Automated Storyboard Generator for Advertisement Campaigns

11 min readFeb 19, 2024

In the dynamic world of digital advertising, the rapid evolution of machine learning, natural language processing (NLP), and computer vision technologies has fundamentally transformed the way we create engaging and impactful campaigns. These cutting-edge tools now enable advertisers to decode intricate data, seamlessly blend textual concepts with visual narratives, and craft ads that truly resonate with their audiences.

This transformative shift in advertising reflects a deep understanding of the potential of technology to streamline and elevate the ad creation process. A key focus of this endeavor is the development of a machine learning solution that can automatically translate textual ad concepts and asset descriptions into visually compelling storyboards. This innovative solution will analyze provided concepts and assets, generate relevant visual and textual elements, and seamlessly weave them together into coherent ad frames. The ultimate goal? To create a comprehensive storyboard that captures the essence of the proposed ad campaign.

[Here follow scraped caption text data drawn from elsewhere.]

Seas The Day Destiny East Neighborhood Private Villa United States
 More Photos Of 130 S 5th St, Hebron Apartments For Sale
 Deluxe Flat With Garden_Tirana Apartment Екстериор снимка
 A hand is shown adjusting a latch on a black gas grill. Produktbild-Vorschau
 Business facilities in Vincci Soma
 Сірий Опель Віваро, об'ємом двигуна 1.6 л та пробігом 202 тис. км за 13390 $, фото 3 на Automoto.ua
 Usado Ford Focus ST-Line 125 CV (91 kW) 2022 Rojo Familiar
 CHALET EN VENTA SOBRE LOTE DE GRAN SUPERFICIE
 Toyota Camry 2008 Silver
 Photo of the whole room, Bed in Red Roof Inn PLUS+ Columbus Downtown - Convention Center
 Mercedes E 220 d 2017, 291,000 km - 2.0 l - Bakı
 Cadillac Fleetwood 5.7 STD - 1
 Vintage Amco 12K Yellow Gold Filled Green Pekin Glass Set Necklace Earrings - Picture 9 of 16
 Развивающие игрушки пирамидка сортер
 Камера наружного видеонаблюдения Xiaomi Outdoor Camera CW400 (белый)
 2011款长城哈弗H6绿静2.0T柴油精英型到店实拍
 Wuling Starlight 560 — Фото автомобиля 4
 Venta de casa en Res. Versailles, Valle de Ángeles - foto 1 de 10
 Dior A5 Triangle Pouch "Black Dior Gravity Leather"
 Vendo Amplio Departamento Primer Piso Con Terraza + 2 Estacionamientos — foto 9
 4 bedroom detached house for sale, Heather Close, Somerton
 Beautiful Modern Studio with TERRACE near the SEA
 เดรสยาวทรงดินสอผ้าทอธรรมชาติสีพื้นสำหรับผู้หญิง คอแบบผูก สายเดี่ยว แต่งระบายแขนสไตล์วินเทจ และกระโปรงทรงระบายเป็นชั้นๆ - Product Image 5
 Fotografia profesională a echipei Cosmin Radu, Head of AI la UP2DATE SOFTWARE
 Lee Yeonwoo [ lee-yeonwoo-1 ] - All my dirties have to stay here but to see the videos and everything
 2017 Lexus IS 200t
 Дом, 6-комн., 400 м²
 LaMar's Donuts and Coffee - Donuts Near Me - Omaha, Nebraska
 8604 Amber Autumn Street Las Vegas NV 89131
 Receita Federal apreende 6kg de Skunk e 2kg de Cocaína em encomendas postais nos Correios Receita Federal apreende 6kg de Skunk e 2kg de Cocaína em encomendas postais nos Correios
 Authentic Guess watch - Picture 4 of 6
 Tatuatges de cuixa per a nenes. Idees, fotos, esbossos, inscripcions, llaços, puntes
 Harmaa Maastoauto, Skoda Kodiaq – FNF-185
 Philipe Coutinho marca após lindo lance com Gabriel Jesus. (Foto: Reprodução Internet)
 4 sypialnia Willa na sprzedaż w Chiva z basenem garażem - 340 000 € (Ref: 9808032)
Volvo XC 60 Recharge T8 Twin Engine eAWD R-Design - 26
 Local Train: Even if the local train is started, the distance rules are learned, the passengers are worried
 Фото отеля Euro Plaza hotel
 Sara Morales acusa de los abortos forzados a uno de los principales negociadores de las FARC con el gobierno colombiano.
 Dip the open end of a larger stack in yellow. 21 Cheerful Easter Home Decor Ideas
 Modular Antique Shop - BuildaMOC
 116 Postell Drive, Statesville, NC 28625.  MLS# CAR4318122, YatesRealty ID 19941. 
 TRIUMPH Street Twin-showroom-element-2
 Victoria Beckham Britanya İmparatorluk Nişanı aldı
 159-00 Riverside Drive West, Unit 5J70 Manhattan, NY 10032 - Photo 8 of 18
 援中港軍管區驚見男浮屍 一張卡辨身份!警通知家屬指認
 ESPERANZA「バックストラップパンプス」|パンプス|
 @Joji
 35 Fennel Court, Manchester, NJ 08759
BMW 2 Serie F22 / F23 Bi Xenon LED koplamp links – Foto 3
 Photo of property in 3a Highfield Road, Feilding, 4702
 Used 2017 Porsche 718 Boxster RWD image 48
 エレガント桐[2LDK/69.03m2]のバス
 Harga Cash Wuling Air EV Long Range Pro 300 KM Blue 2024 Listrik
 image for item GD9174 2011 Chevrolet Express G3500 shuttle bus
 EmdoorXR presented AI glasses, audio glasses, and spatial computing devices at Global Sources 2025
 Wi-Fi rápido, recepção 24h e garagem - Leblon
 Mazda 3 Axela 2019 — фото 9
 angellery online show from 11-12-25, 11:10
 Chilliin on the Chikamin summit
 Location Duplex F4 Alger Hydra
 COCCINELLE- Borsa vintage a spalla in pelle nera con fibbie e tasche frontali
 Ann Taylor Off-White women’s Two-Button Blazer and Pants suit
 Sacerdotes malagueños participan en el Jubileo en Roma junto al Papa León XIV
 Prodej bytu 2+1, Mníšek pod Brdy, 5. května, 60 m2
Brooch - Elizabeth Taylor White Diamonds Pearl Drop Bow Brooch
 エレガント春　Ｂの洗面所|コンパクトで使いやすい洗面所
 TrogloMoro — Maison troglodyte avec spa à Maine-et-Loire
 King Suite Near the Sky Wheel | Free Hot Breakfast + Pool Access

To achieve this, we’ll be leveraging a powerful combination of natural language processing and computer vision techniques. Our solution will generate images based on textual descriptions, analyze the generated text to extract entities, keywords, and sentiments, and expertly compose these elements into individual ad frames. Each frame will effectively encapsulate the core message of the advertisement campaign, ensuring a cohesive and impactful narrative.

This solution will not only be highly effective but also scalable, capable of handling a large volume of requests. It will be deployed as a service that can seamlessly integrate into existing infrastructure and will be continuously updated to incorporate new advertisement concepts and assets. With this approach, we aim to revolutionize the way advertisers bring their campaigns to life, leveraging the power of technology to create truly compelling and memorable ads.

Shortened Technology Overview

Data Processing Libraries: Libraries like Pandas, NumPy, and Scikit-learn enable efficient handling of large datasets, improving model performance through preprocessing and feature engineering.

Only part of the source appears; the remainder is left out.